Draft: Mina Data Availability Layer

Hi everyone,

I’m Chiro founder and CTO of Orochi Network, I’m a grantee of zkIgnite Cohort #2. My zkDatabase project is focus on solving data availability and data correctness. I start this topic to discuss an improvement in off-chain storage solution at protocol level. This proposal is being drafted so feel free to discuss and contribute your opinion.

Abstract

This proposal establishes a new ability to store data on an off-chain layer; this data CAN NOT be accessible on zkApp but its commitment does by which a larger amount of data can be served and data layer can acting as source of trust for zkApp’s UI.

Motivation

Implement Data Availability Layer for Mina Protocol by which all ZK Application, L2 solutions can access the off-chain data securely. Improving data availability means people can develop featureful applications.
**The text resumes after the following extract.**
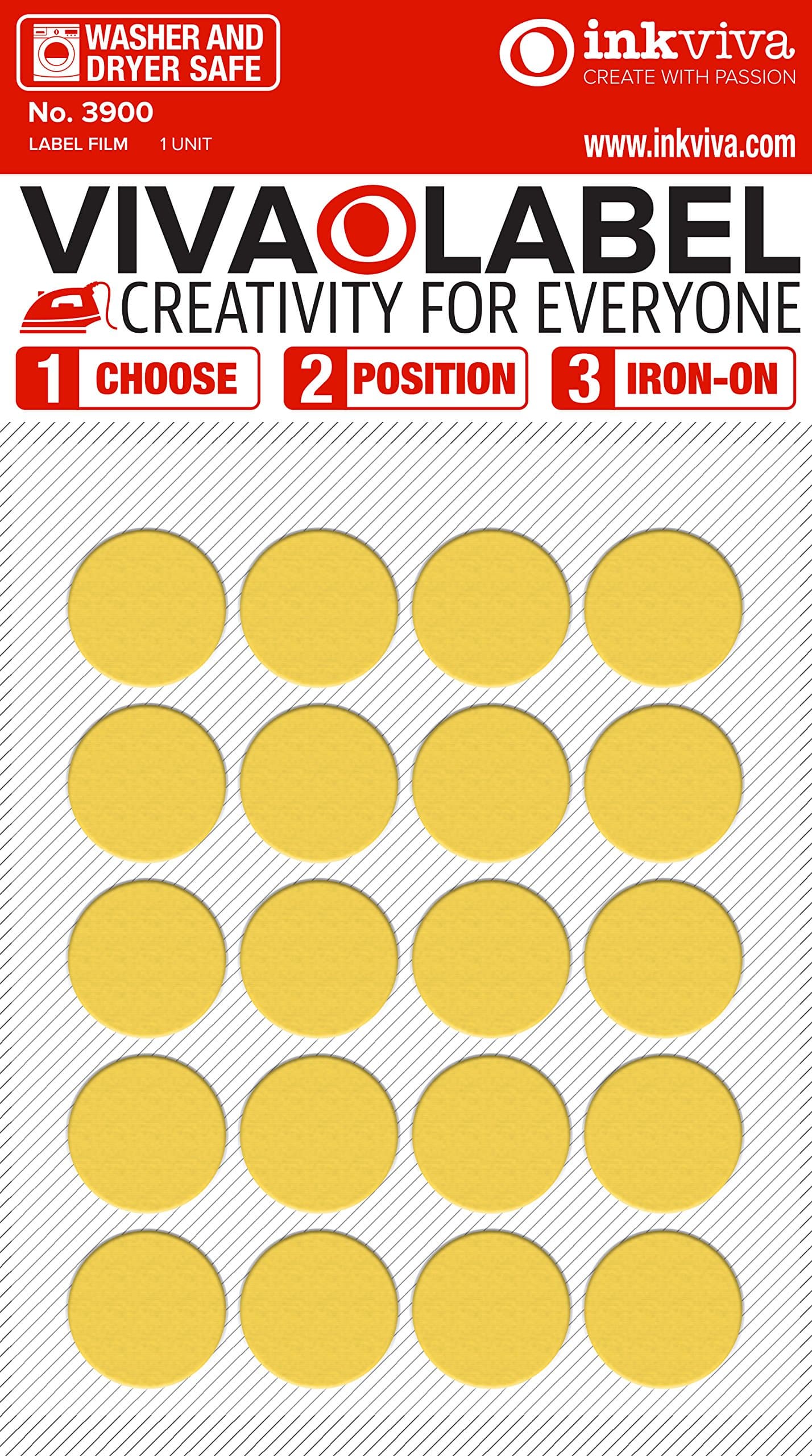 3D Iron on Applique Label 15mm Round Patch Package of 20 Matt Finish in Yellow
Prevent fragmentation of data and overhead in building temporary and short-term solutions.

Objectives

  • Build a consistent solution for all ZK Applications
  • Provide data commitment that compatible with Kimchi Proof System and o1js
  • Allowed zkApps and L2s to rent the data storage with MINA token (the blobs should be freed/disposed after the rental token is run out)
  • Implement data sharding to reduce the average cost per byte
  • Free developers from doing implementation for short-term solutions

Specification

Parameters

Data type

Data structure

Data validation

Commitment scheme

Network design

API

Full-node Integration

Proof-system Integration

Security Consideration

Trade-off

1 Like

Could some one please move it back to MIP?, it isn’t a zkApp since there are some modifies in protocol and consensus level to make it live. @moderators

1 Like

Hey @chiro-hiro, I think this is an interesting idea! May I suggest the next steps would be to host a community call on the topic and set up a working group to focus on detailing this proposal out. Some things that working group could do would be to clearly define the desired developer experience and what specific use-cases this benefits and unlocks, and more!
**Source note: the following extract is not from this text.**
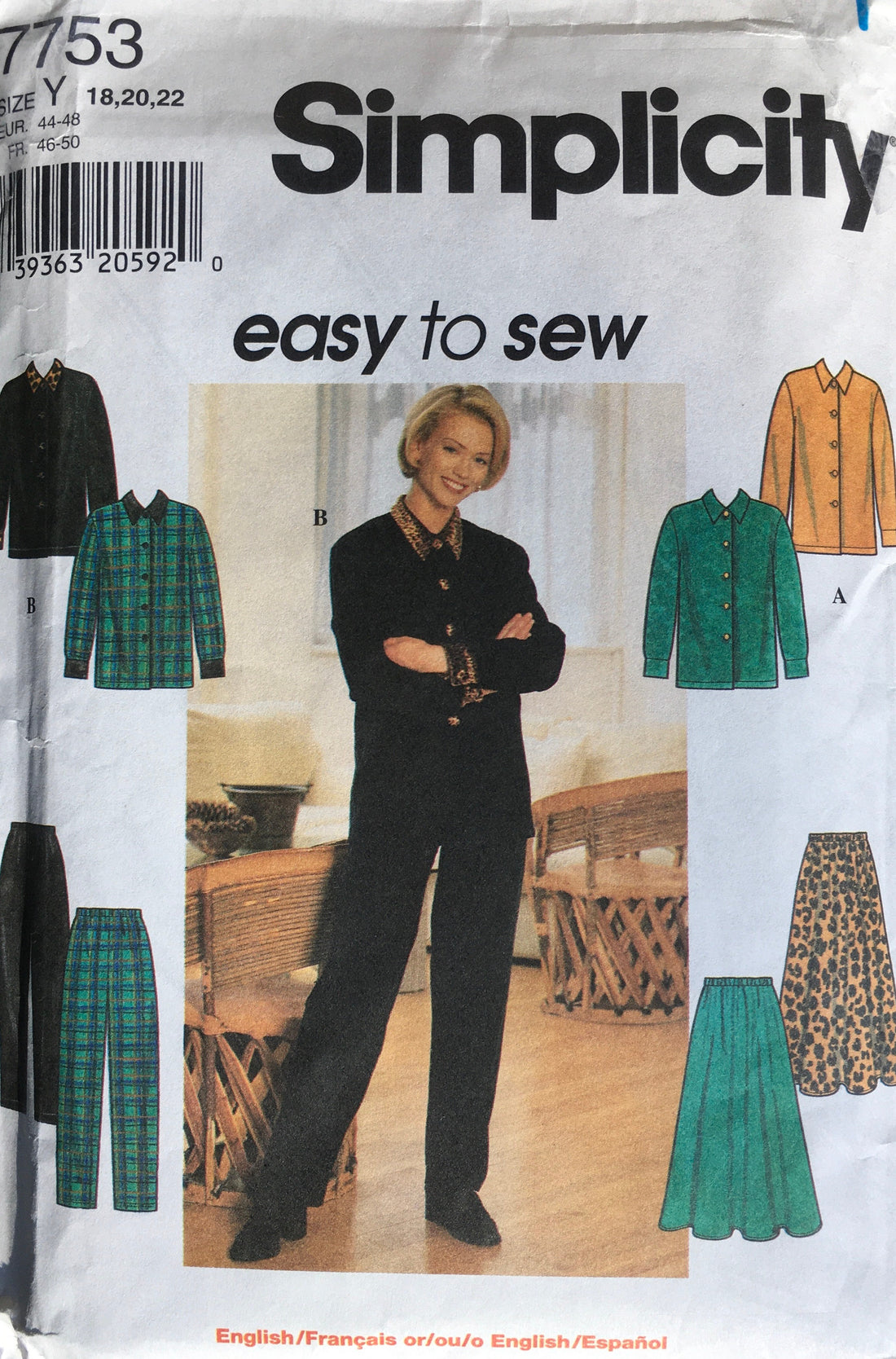 Simplicity 7753 Sewing Pattern (Vintage) CUT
Happy to be a part of that and help out :slight_smile:

2 Likes

@chiro-hiro zkDatabase does not provide any data availability guarantees. In fact, if used for data availability, the database provider can completely hide block data, in which case it is inherently worse performance than archival nodes.

I do believe that it is a great data storage solution, especially since we can have an off chain tamper proof db, but there’s an large difference between data storage and data availability.

Zeko’s litepaper had an overview of the DA options that they investigated a few months ago, see the Section 5. Now that Celestia and Eigenlayer have launched, and the cryptography and o1js have advanced considerably, I’m hoping we could get a renewed look of the issue from experts.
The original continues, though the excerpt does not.